:: SUPPLIED MATERIAL ::
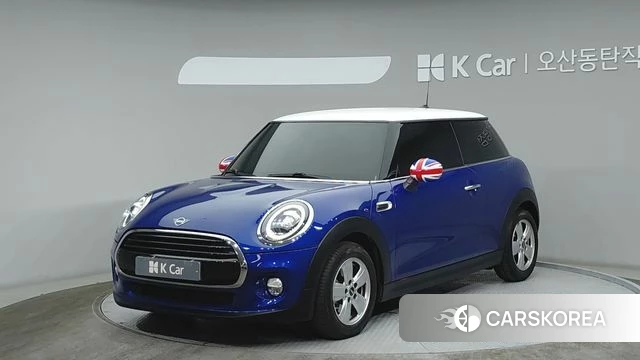 Mini Cooper 2018 Синий из Кореи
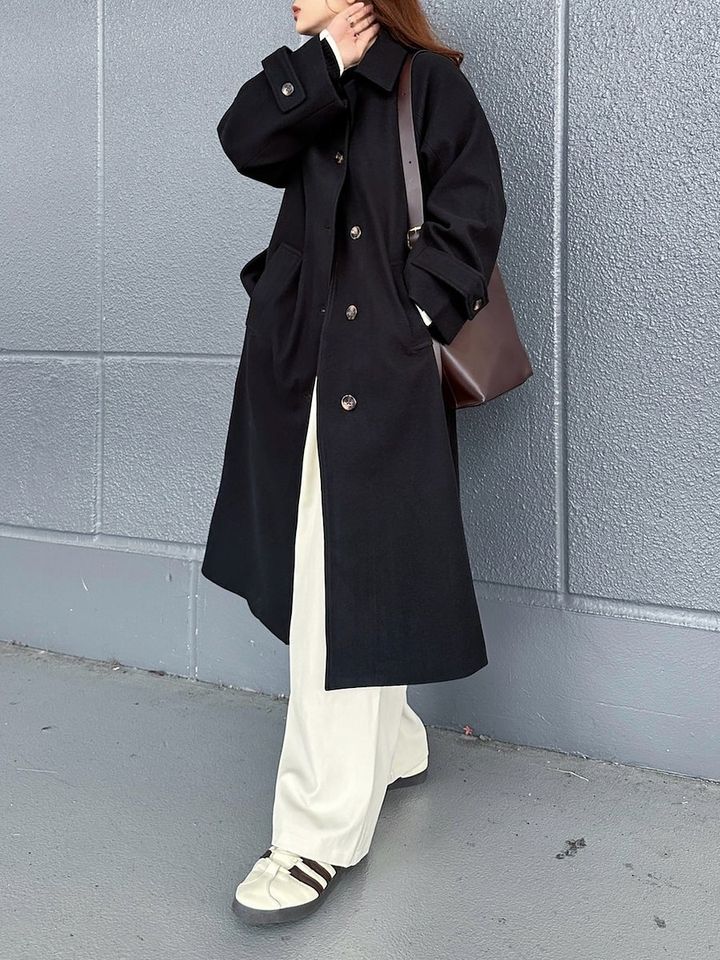 白ワイドパンツコーデ1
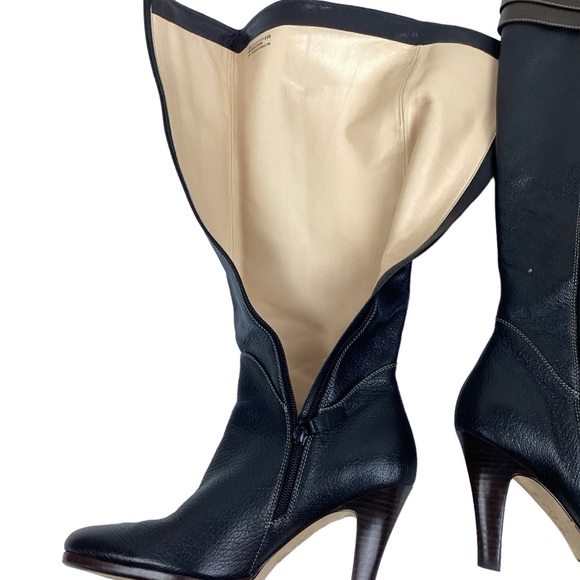 Cole Haan Sierra Air Knee High Heeled Boots Black - Picture 11 of 16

:: TASK DESCRIPTION ::
Exclude all pictures and reproduce verbatim the lines running from the line that contains "白ワイドパンツコーデ1" to the end of the data above, both ends included.

:: EXERCISE RESPONSE ::
 白ワイドパンツコーデ1
 Cole Haan Sierra Air Knee High Heeled Boots Black - Picture 11 of 16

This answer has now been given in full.